Gli amanti, intesi come corpi-creature in cui abbandonarsi “giorno dopo giorno / in profondità nuova” non proseguono in linea retta a segnalare una scandita progressione di esperienze amorose bensì girano in cerchio, abbracciano il soggetto lirico includendolo in un’identità plurale vorticante che prelude alla fusione, ancora una volta esplicitata dalla metafora corporale: “perché mi sei braccia e lingua”. Il tu della tradizione lirica è l’alterità che va protetta (“tienimi la mano, dici / tienimi la mano // ed io la prendo / dal fondo di qualcosa / che non sai”), in quanto capace di eludere la superficie narcisistica e guardare attraverso, in profondità (“hai fatto / vetro dei miei specchi”): l’esplicita dichiarazione d’amore che segue (“ti amo perché sei altro”) sancirà il passaggio dall’iniziale erotismo al progetto esistenziale comune, dal “materasso / che resta al mondo / lo spazio pieno / delle nostre vite”, ad “un selciato di / nuovo cammino” dove sarà il soggetto poetante, stavolta, ad essere contaminato dall’altro (“Semini vita / nei solchi del / mio inverno”).
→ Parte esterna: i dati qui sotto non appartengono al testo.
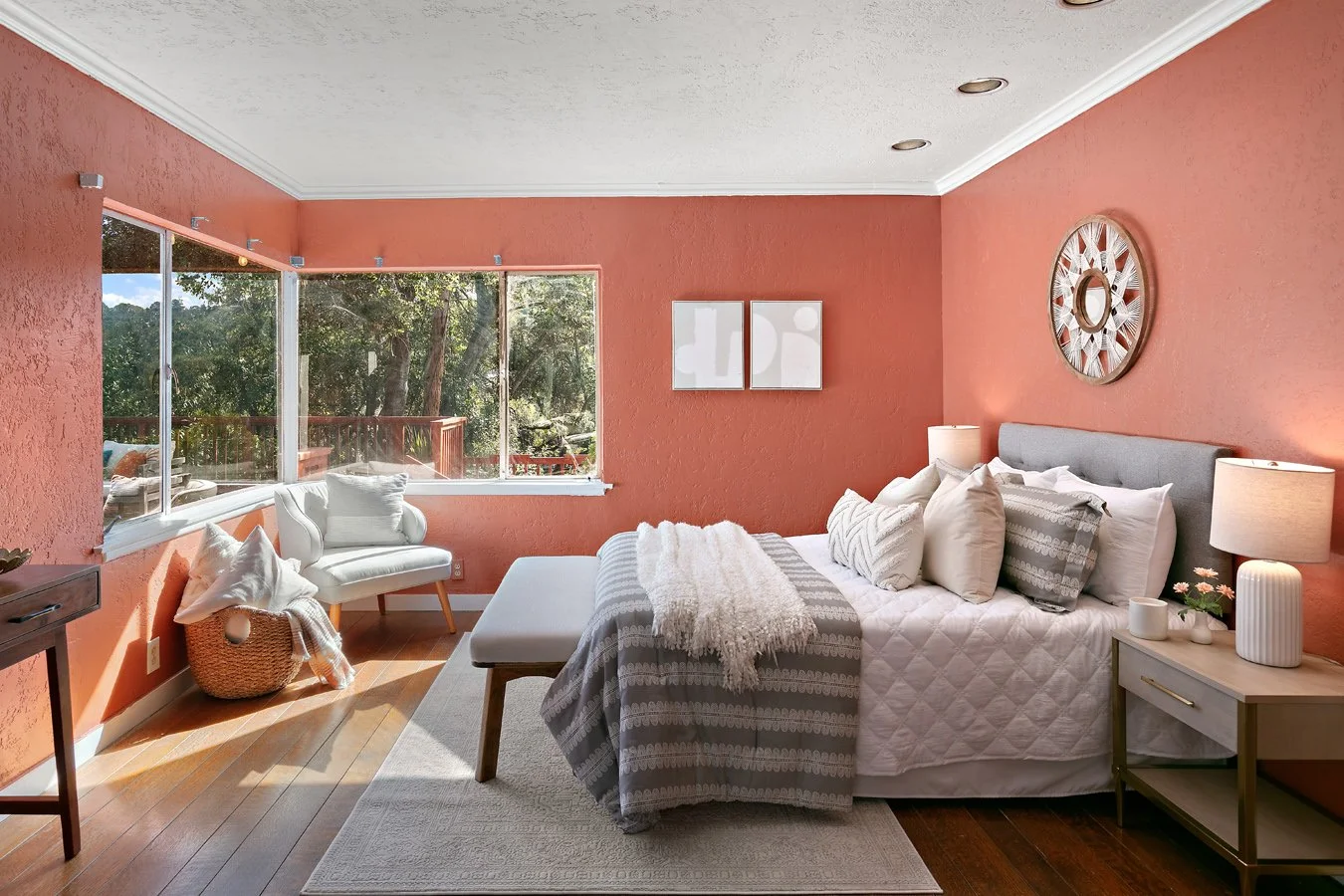 Sunlit bedroom with coral walls, a neatly made bed, large windows overlooking trees, a bedside table, and cozy seating.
A ben guardare, la narrazione lirica di Brusa, dopo le ricognizioni corporali e musicali che hanno visto il recupero della figura paterna attraverso la scrittura, sembra concludersi con l’happy end per antonomasia, vale a dire il connubio, sancito, non a caso dalla “parola / data in dote”. A noi lettori e spettatori della vicenda, non resta che inviare ai due soggetti (poetante e poetato) le nostre felicitazioni.